Records from a data collection:
════════

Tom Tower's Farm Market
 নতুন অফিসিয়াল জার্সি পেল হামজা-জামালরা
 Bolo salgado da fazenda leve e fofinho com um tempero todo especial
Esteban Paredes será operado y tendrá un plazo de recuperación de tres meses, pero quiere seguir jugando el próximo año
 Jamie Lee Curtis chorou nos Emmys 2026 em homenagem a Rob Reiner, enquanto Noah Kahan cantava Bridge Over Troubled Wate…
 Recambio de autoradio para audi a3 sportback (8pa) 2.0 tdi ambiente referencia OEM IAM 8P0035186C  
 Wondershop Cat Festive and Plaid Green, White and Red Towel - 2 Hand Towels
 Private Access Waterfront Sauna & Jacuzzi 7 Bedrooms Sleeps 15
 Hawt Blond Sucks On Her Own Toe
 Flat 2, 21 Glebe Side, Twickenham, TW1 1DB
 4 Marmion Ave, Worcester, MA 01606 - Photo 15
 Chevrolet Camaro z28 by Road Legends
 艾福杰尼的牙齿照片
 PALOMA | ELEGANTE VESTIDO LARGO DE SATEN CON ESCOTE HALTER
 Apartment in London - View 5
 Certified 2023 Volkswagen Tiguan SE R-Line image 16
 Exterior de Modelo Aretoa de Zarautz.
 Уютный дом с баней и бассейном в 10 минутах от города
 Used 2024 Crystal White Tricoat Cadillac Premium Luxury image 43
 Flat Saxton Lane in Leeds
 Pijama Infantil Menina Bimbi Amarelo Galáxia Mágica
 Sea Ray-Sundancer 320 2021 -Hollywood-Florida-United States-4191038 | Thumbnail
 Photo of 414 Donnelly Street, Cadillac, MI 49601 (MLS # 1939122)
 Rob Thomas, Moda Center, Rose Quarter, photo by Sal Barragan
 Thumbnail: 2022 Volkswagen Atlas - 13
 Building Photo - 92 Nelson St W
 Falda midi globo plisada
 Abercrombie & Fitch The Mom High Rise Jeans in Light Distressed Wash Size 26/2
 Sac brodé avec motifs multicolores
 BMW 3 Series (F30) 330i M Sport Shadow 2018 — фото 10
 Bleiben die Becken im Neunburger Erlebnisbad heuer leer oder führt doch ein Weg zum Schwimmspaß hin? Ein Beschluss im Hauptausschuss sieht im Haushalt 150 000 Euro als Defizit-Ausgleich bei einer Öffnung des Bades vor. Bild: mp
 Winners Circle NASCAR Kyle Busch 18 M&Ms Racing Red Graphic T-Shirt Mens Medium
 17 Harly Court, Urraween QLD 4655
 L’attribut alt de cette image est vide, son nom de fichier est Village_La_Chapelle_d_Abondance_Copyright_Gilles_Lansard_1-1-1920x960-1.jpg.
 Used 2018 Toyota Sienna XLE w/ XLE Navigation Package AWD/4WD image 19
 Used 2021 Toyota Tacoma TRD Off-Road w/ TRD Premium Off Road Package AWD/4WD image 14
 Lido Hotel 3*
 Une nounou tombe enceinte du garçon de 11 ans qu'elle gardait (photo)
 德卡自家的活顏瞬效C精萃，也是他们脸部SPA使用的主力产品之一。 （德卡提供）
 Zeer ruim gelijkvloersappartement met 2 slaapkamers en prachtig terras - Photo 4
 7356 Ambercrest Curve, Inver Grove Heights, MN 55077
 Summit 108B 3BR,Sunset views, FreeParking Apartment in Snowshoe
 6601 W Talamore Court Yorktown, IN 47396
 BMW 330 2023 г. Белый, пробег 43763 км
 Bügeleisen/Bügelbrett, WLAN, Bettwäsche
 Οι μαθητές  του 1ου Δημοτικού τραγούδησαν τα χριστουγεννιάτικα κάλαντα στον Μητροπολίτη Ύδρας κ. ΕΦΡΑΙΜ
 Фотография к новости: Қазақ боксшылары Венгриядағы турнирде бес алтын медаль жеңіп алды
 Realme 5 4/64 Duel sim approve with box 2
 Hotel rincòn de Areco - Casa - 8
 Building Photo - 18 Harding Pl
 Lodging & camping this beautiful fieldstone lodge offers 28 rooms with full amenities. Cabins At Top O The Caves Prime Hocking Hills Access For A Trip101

════════

WORK ITEM: Show a copy of each line from the records above in which the string "image" occurs.

REPLY:
 Certified 2023 Volkswagen Tiguan SE R-Line image 16
 Used 2024 Crystal White Tricoat Cadillac Premium Luxury image 43
 L’attribut alt de cette image est vide, son nom de fichier est Village_La_Chapelle_d_Abondance_Copyright_Gilles_Lansard_1-1-1920x960-1.jpg.
 Used 2018 Toyota Sienna XLE w/ XLE Navigation Package AWD/4WD image 19
 Used 2021 Toyota Tacoma TRD Off-Road w/ TRD Premium Off Road Package AWD/4WD image 14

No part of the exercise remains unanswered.